Algo tan inesperado como Elvira Lindo (1ª parte)



«Hoy he decidido que ya no quiero ser escritora. Escribiré hasta que me muera, porque estoy acostumbrada desde niña a emplear el tiempo de esa manera y porque así me gano la vida, pero siento muy profundamente mi falta de ambición, mi miedo cada vez más insuperable a escribir un libro y que esté en manos de todo el mundo.»
Elvira Lindo, Noches sin dormir (Último invierno en Nueva York)


Leo a Elvira Lindo con admiración y una cierta culpabilidad. Con admiración, porque la novela en la que estoy enfrascado últimamente, Lo que me queda por vivir, me parece un libro excelente. Y con una cierta culpabilidad, debido a que la literatura escrita por mujeres en general, y las novelas de Elvira Lindo en particular, figuran entre mis grandes asignaturas pendientes.
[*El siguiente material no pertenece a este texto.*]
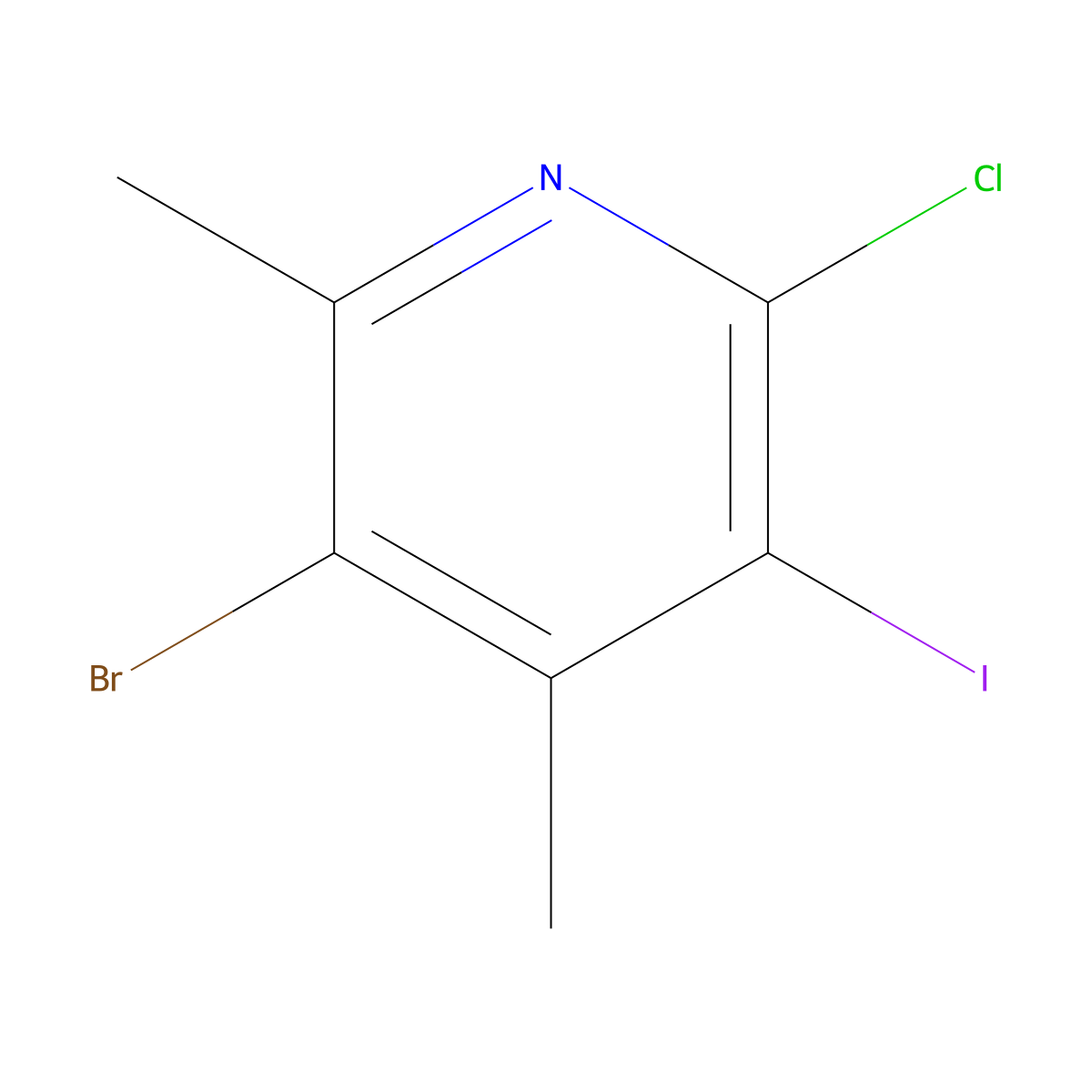 3-Bromo-6-chloro-5-iodo-2,4-dimethylpyridine molecular structure, CAS 1823359-68-7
Hace poco, mientras veía en internet una entrevista que le hicieron a Elvira Lindo hace ya algunos años, en el Centro Niemeyer de Oviedo, escuché una opinión del entrevistador que de repente me dejó un tanto perplejo.

Con sobrada contundencia, sin el menor atisbo de indecisión por su parte, dijo que Lo que me queda por vivir es una de las mejores novelas escritas por un autor español en los últimos veinticinco años, lo cual me pareció no solo una afirmación un poco arbitraria de entrada, sino excesivamente reduccionista al pensarla detenidamente. Y además arriesgada, habida cuenta de la extensa nómina de grandes libros que han aparecido y de buenos escritores que se han formado o consolidado durante ese período.

Eso por no mencionar también el hecho de ser una opinión expresada en el marco de un acto público, donde es tan frecuente que los presentadores enfaticen los méritos de las personas que los protagonizan, a veces de manera un tanto grotesca.

Al día siguiente de ver esta entrevista en internet rescaté del cuarto de trabajo Lo que me queda por vivir. Recordaba vagamente haberla comprado cuando se publicó en el año 2010 -según pude comprobar después-, y también haberla abandonado en algún rincón apartado de la estantería, seguramente no por falta de interés, pues siempre me había gustado lo que había leído de Elvira Lindo, sino por acumulación de unas lecturas que a menudo se imponen sobre otras, sin ningún motivo aparente, pero con la fuerza de lo inevitable.

El caso es que, como dije antes, empecé a leerla con admiración y una cierta culpabilidad, porque, en efecto, puede que el entrevistador por una vez tuviese razón y no estuviese exagerando.

De Elvira Lindo siempre me han gustado sus originales entrevistas, sus breves pero enjundiosas columnas satíricas y sus amenos artículos del fin de semana, algunos de ellos recopilados en su libro Don de gentes. También me he reído con sus hilarantes textos de Tinto de Verano. Y he leído con fruición los dos libros que tratan sobre sus estancias en Nueva York, Lugares que no quiero compartir con nadie, publicado hace algunos años, y Noches sin dormir, que devoré casi de un tirón hace poco, en un estado de excitación enfebrecida gracias a la cualidad fluida y envolvente de su prosa.

Como señala la propia Elvira Lindo en un párrafo de este último libro: “Soy consciente, eso sí, de que no ha sido nada bueno para mí dispersarme en tantos oficios porque he acabado diluyéndome. La escritora homeopática. Demasiados frentes. Creo que nadie me acaba de considerar de un gremio”. Pero eran sus novelas las que figuraban en esa lista de asignaturas pendientes que los lectores nos dedicamos a cultivar de forma masoquista.